Versäumnisse des Staates

Der kolumbianische Vizepräsident Francisco Santos räumte bei der Präsentation des Berichts zu den Greueltaten in Trujillo Fehler des Staates ein: «Dieser Staat war nicht fähig, das Leben derjenigen zu schützen, an die wir heute erinnern, die Verantwortlichen zu bestrafen und die Angehörigen umfassend zu entschädigen.» Santos bat die Angehörigen der Opfer öffentlich um Verzeihung.

Die Expertengruppe appelliert in ihrem Bericht aber nicht nur an den Staat, sondern auch an die Gesellschaft. Diese habe auf Meldungen über das Massaker nicht mit Betroffenheit reagiert, sondern mit Routine und Vergessen. Den Blick auf Trujillo zu richten, sei eine erste Anstrengung, um zu zeigen, dass die Geschehnisse der nationalen Vergangenheit angehörten: «Trujillo ist Kolumbien.»

Die Initiative der Regierung von Präsident Alvaro Uribe ist ein erster Schritt zur Wiedergutmachung. Er lässt die Opfer zu Wort kommen und stärkt ihre Glaubwürdigkeit im Kampf um ihre Rechte. Doch ist die Aufarbeitung nicht zu vergleichen mit der Vergangenheitsbewältigung in anderen Ländern: Der GMH ist eine Arbeitsgruppe und nicht eine Wahrheitskommission. Seine Empfehlungen an die Regierung sind nicht verbindlich. Und der Konflikt in Kolumbien gehört nicht der Vergangenheit an.

Über 30 000 Paramilitärs haben sich nach Angaben der Regierung in den letzten Jahren demobilisiert. Menschenrechtsorganisationen beziffern die Zahl allerdings deutlich tiefer – die Drahtzieher hätten sich nie ergeben.
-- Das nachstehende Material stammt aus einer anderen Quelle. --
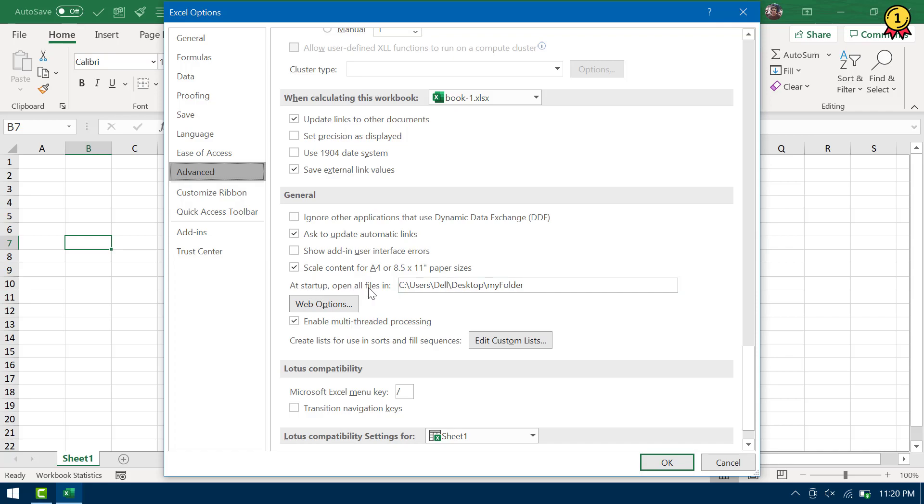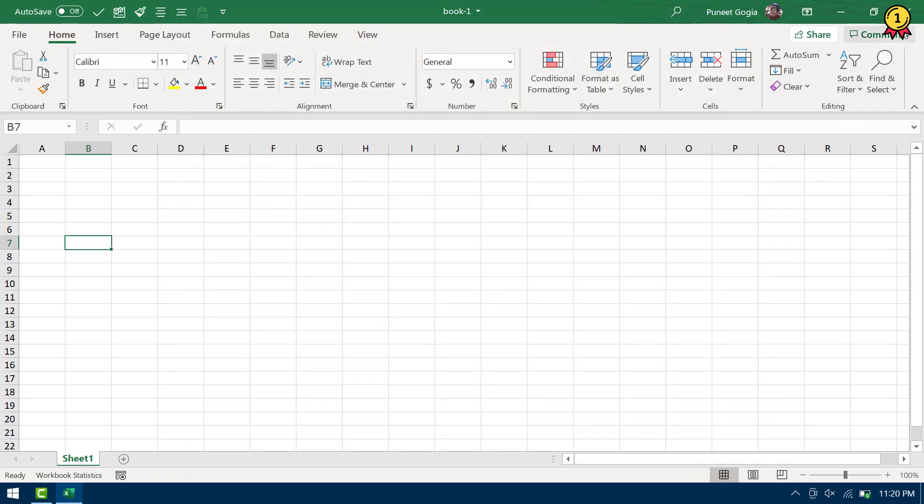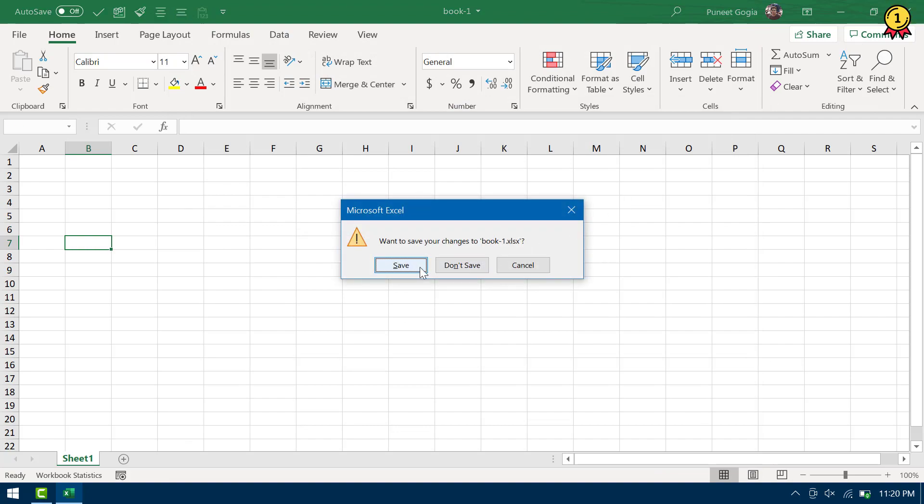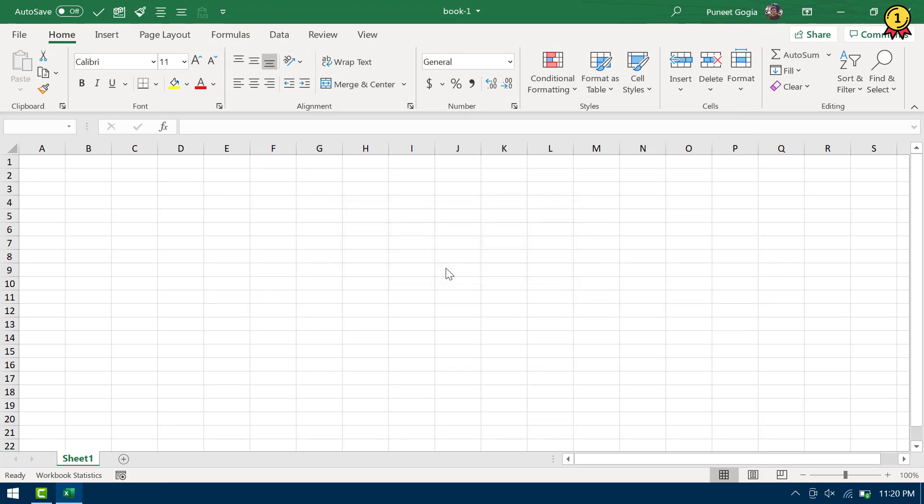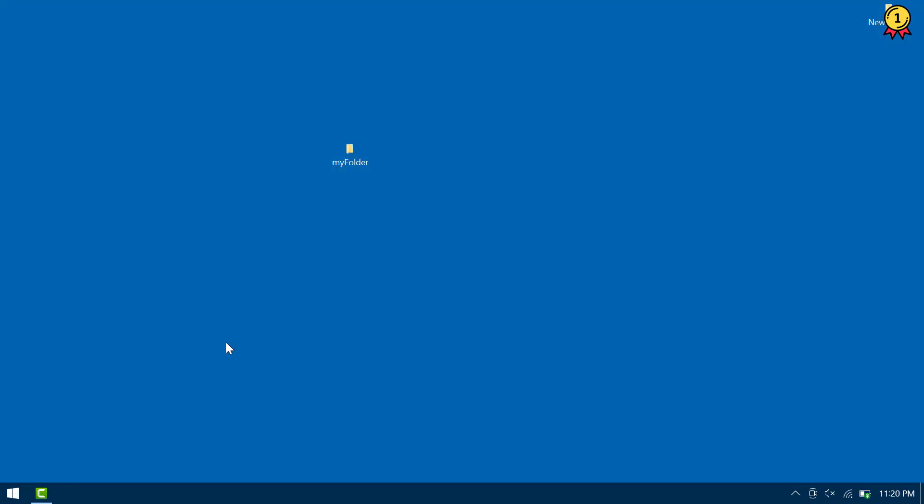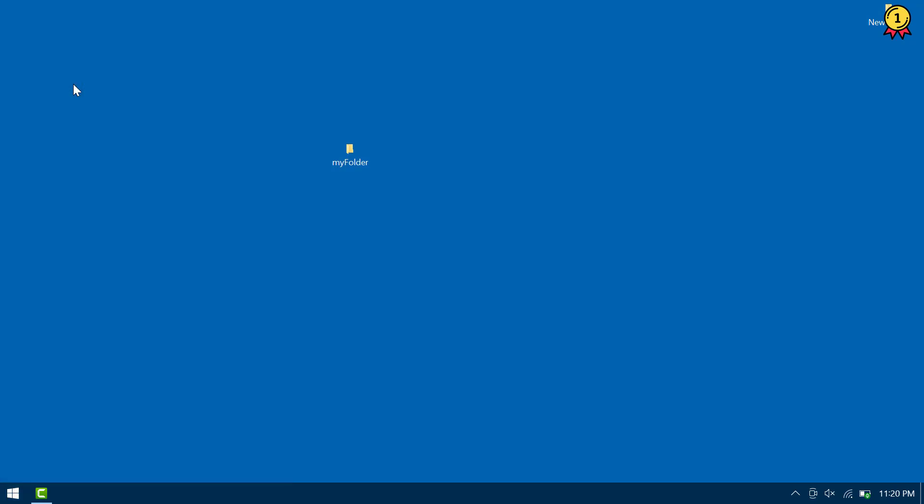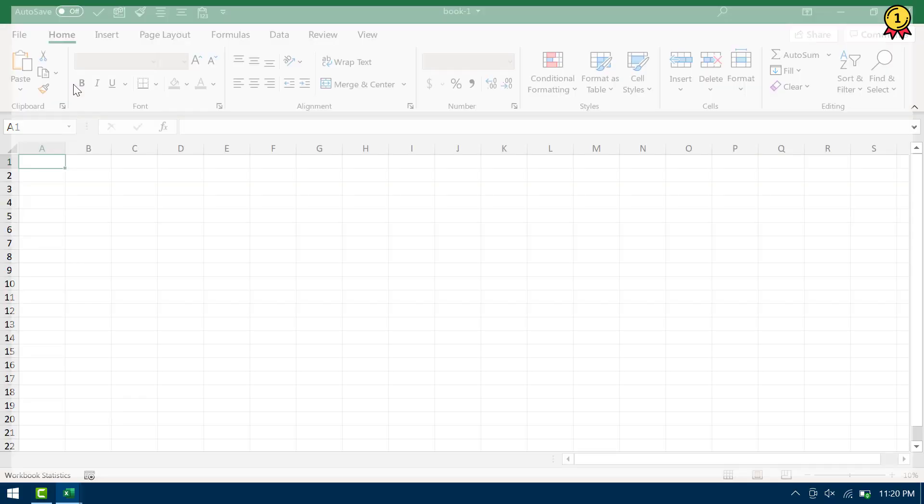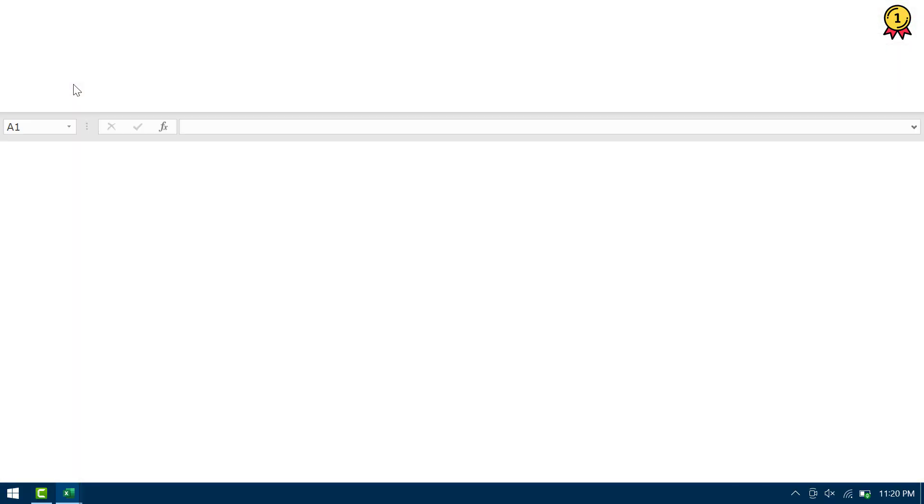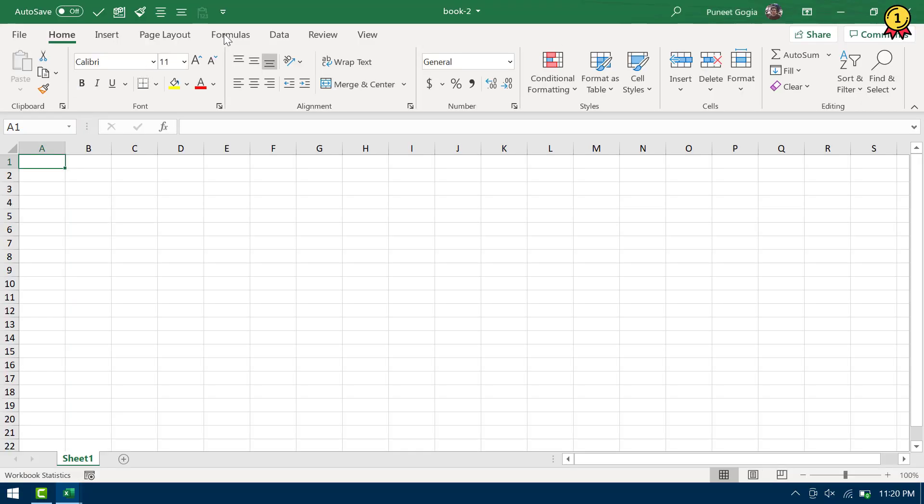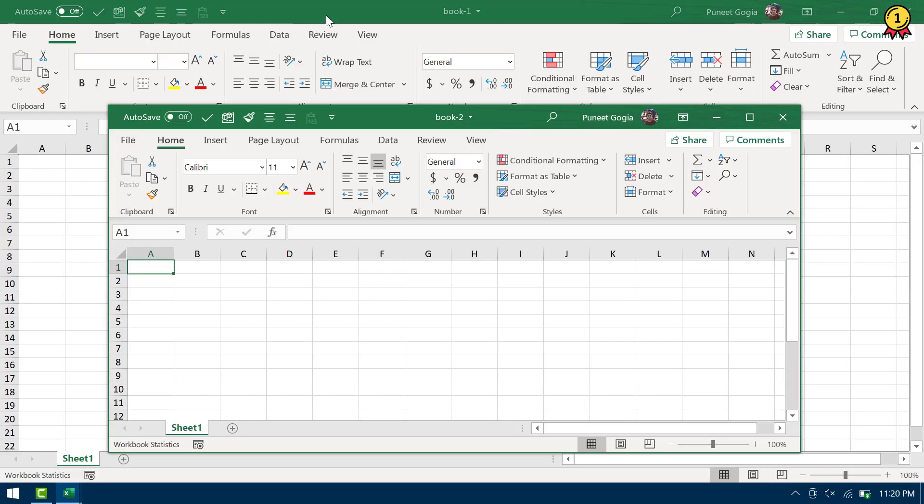So at startup, open all files in. So this folder is on my desktop and now if I click OK and now if I close this file and if I try to open Excel again, now both of these files are opened instantly with Excel application.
Wie der GMH feststellt, wird die Bevölkerung in Trujillo von alten und neuen Banden bedrängt: «Das Massaker von Trujillo ist ein Massaker, das weitergeht.»

Padre Tiberios Grab geschändet

Auch 20 Jahre nach dem Tod seines Bruders will José Pérez deshalb anonym bleiben. Er lebt seit einiger Zeit im Ausland, hat aber dennoch Angst, dass ihm seine Aussagen schaden könnten. Heute sei es für ihn noch gefährlicher als früher, nach Trujillo zurückzukehren: «Damals kannte ich alle. Heute weiss ich nicht mehr, wer wer ist.» Und auch Padre Tiberio hat seine Ruhe noch nicht gefunden. Bereits dreimal haben Unbekannte den Erinnerungspark für die Opfer von Trujillo beschädigt. Im vergangenen Januar schändeten sie das Grab des Priesters.